A questa condizione sperequata dal punto di vista sociale ed economico, che merita adeguata trattazione a parte, si aggiunge la rovina e la devastazione dell’ambiente che ci circonda con l’inquinamento che altera equilibri fisiologici millenari. Una doppia iattura per le popolazioni che, dopo aver ricevuto le briciole del profitto, subiscono anche dei fenomeni di degrado ambientale. Discorsi già ascoltati per decenni, questi, riecheggianti nei tanti summit organizzati sul clima e sulle trasformazioni cataclismatiche che queste determinano. Tuttavia la percezione di quanto imminente sia il punto di non ritorno e di quanto rischi corra seriamente l’umanità intera a causa di questo stato di cose, è piuttosto marginale nel dibattito politico mondiale.
In proposito si possono anche individuare correnti di pensiero negazioniste della reale portata e concreta gravità dei fenomeni sovra citati. Una vera e propria contro-informazione più o meno orientata, sia da corporazioni di interessi, sia degli stessi Stati sovrani, che preferiscono assicurarsi progresso e relativo benessere, senza sentir ragioni che li possano limitare. Tra questi spiccano l’India e la Cina (tra i più refrattari), accompagnati dagli Usa e dalla Russia, ovvero dalle superpotenze che traggono maggiori benefici economici da un capitalismo aggressivo. Per essere meglio compresi occorre chiarire che siamo già nelle condizioni di subìre, con sempre maggiore frequenza, fenomeni metereologici degradanti come siccità, scioglimento dei ghiacciai, innalzamento dei mari ed aumento della temperatura medie derivanti dal surriscaldamento globale. Miliardi di danni per devastazioni e carestie e migliaia di morti indotti per guerre, povertà e migrazioni bibliche non sono bastati per rendere urgente la questione. Ma non basta!!

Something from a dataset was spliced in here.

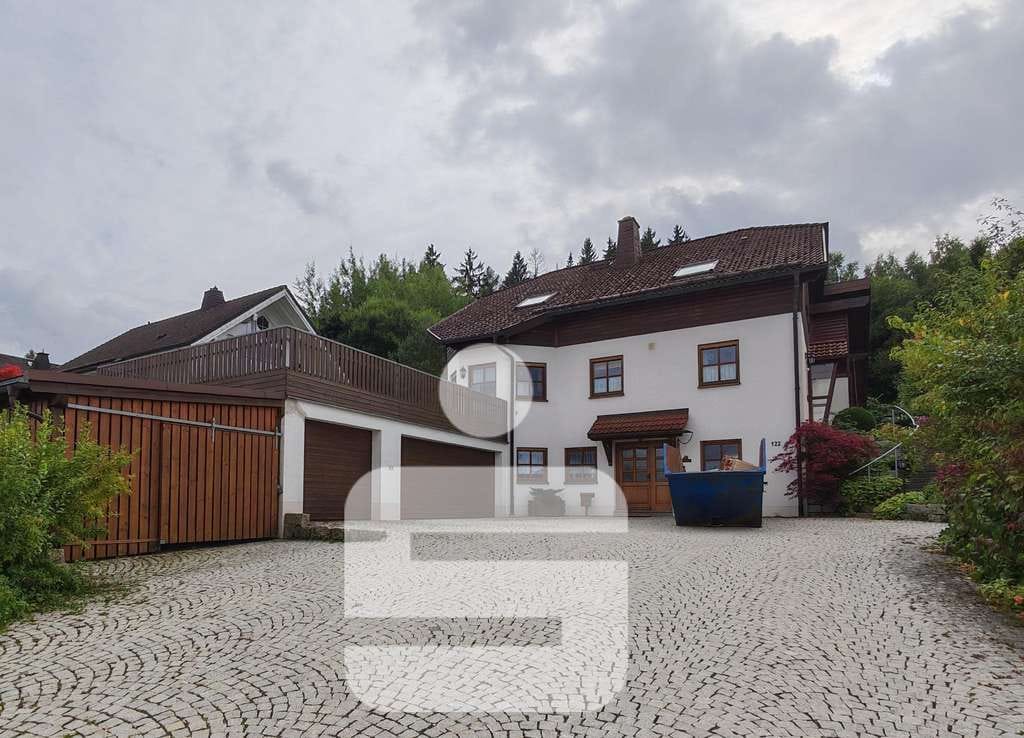 Immobilie in Münchberg - Einfamilienhaus mit Einliegerwohnung und Büroflächen - Bild 0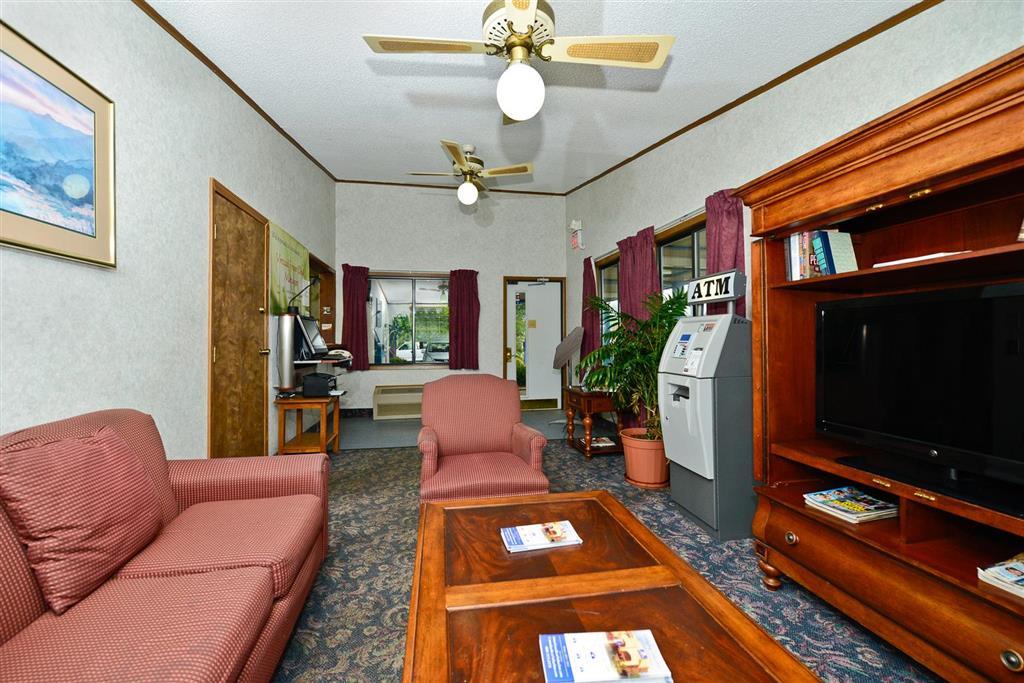 M Star Hotel Covington Interior photo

Per quanto eclatanti siano questi eventi, rischiano di divenire solo un epifenomeno, ovvero una parte iniziale del pericolo. La fertilità umana è in forte calo a causa della diffusione della tossicità in acqua, suolo ed aria: si calcola che nel giro di qualche generazione i maschi non avranno più spermatozoi in grado di fecondare, a causa dei fattori epigenetici. Questi ultimi altri non sono che l’interazione tra sostanze tossiche che ingeriamo, attraverso il cibo, oppure respiriamo con gli inquinanti dispersi nell’aria, con la triste conseguenza di modificare l’espressione del nostro patrimonio genetico. Una tara silente destinata ad essere trasmessa ai posteri, i quali saranno costretti a fare i conti con patologie tumorali, tossicità generalizzata, patologie da deficit e modificazioni immunitarie. La diffusione dei metalli pesanti e delle nano partitelle, delle polveri sottili, delle micro plastiche, dei prodotti di degradazione chimico fisica derivati da produzioni industriali, crea una nuova tossicologia che mina alla base la nostra identità genetica e la sopravvivenza stessa della specie umana.
Innanzi a questa prospettiva patologica, scientificamente documentata, oltre alle diseguaglianze sociali ed alle nuove povertà, la comunità umana sembra scettica e cinica al tempo stesso. Innanzi a tutto questo, l’immagine di un mondo e di una natura che si inabissa verso l’ignoto, rievoca la scena di quando gli ignari passeggeri continuavano a ballare sul Titanic mentre il transatlantico colava a picco. L’idiozia è la medesima, ed è quella di ritenere la vita stessa inaffondabile.